With smaller classes, many professors will try to meet individually with each student at some point during the semester, among them I.B. Holley, a professor emeritus of history, who has been at Duke for sixty years and still teaches one class a semester. For larger classes, most professors are available to their students during posted office hours, but many say that students don't take advantage of them. That's been a perennial problem over the years. But the ascendance of e-mail as students' communication medium of choice has reinvented notions of faculty accessibility. In students' minds the window for contacting professors has expanded from posted office hours to 24/7, and e-mail messages have replaced more frequent direct contact. While that can increase opportunities for interaction, it isn't always the most effective means of communication. Connolly says that she will often receive e-mail messages at odd hours of the night asking complicated mathematical and economic questions. "Trying to write out in an e-mail how various graphs shift is difficult," she notes wryly.
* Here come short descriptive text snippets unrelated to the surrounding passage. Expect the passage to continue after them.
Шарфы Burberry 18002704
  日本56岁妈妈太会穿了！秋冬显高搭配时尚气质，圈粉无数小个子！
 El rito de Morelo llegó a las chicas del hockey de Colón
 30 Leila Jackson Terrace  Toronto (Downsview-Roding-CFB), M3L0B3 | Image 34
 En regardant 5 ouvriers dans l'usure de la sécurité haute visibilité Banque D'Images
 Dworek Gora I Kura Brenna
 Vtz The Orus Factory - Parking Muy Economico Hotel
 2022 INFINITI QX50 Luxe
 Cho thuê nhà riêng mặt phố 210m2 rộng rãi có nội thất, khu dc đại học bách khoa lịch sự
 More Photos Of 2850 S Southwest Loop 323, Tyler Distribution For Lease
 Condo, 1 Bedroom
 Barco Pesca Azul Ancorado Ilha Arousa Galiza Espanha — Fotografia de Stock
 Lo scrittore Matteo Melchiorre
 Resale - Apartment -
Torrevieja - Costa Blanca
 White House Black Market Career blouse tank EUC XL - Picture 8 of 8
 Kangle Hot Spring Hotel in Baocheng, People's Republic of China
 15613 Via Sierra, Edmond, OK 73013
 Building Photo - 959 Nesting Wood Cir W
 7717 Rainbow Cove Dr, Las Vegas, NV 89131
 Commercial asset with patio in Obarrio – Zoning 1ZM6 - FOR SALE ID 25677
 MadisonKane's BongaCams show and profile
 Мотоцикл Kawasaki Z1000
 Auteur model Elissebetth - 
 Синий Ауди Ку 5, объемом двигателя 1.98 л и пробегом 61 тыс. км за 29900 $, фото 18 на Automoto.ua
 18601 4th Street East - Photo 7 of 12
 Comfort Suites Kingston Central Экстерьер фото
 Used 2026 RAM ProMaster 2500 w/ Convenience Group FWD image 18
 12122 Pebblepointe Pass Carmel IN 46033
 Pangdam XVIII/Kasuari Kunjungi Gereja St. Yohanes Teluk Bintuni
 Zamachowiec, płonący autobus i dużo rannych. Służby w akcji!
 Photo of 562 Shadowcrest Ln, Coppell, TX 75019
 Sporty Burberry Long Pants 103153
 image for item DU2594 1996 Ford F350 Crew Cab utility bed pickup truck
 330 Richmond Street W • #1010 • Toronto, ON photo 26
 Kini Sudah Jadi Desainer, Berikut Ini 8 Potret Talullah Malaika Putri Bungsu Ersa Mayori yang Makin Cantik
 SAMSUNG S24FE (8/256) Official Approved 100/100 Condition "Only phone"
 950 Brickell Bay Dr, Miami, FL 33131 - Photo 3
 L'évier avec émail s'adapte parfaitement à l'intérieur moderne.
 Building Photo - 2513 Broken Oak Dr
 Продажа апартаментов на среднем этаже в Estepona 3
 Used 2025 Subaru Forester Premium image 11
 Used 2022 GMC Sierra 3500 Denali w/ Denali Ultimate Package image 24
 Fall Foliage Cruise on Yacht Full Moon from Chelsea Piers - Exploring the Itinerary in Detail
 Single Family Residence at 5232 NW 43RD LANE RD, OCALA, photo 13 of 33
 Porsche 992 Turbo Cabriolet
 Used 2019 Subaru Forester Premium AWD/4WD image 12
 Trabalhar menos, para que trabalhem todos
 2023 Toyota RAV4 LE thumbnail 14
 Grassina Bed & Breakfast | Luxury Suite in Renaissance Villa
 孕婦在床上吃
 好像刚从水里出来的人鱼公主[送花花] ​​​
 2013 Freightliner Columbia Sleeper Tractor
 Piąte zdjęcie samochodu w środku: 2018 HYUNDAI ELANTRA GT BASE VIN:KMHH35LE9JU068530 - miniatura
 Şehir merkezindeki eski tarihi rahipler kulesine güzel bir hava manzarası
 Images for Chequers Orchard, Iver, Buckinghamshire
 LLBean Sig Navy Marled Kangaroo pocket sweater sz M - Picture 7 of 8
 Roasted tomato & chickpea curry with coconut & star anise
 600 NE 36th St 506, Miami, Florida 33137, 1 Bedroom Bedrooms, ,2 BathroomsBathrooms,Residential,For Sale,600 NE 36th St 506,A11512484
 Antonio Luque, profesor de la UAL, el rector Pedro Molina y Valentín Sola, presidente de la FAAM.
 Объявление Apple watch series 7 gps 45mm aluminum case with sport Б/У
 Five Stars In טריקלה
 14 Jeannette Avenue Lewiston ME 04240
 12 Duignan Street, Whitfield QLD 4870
Beyond answering basic class-related questions, sometimes the most influential teaching requires building a relationship with a student that extends beyond that of a simple lecturer/listener dynamic. Robert Iden '68 returned to campus this fall for only the second time since graduating to take in a Homecoming-weekend lecture by Sy Mauskopf, professor of history and the 2006 winner of the Alumni Distinguished Undergraduate Teaching Award. Iden says Mauskopf, even in his early years, stood out as a teacher who engaged course material and created close relationships with students. For his part, Mauskopf fondly recalls favorite students over the years, including one who completed an honors thesis last spring probing the Aristotelian influence on seventeenth-century physician William Harvey's embryological work. The two spent hours mulling over primary and secondary sources together and discussing new directions. "It was so different, so obscure. He put so much work into it!" Mauskopf says, his voice rising with excitement.

Robert Thompson, dean of Trinity College and vice provost for undergraduate education, hopes to expand opportunities for the kind of shared-learning experiences professors like Mauskopf foster. Thompson has helped initiate a push for more research-based learning in Trinity College, with professors working closely with their students to develop new knowledge. While some critics see a conflict between Duke's research and teaching missions, he says the two priorities do not compete in a zero-sum game. He argues that Duke's renowned scholars and cutting-edge-research culture can and should provide real-world learning opportunities for undergraduates.

He acknowledges that the format will require professors to assume more of a mentorship role. "You're not so much transmitting information as helping an apprentice learn a practice."

Already this thinking has taken hold. Forty-one percent of the Class of 2006 participated in what Thompson calls a "mentored research project" during their time at Duke. That's compared with 15 percent of the Class of 2002, the first year the measure was taken. He says his goal is to push the number to 50 percent, and, "once I get to 50 percent, I'll just move it up from there." (Additionally, 15 percent of the Class of 2006 completed a thesis for graduation with distinction. He hopes to increase that to 25 percent.)

Duke is not alone in seeking ways to promote research opportunities earlier in the undergraduate experience. The Forum for Excellence and Innovation in Higher Education, for example, is a five-year initiative bringing together fourteen top-tier institutions to explore innovations in teaching and learning. Economics professor Connolly, who, along with Thompson and others, represents Duke at the Forum, says that in the past, courses teaching research strategies and methodology have been reserved for upperclassmen. At that point, she says, they are only useful for students hoping to pursue graduate degrees.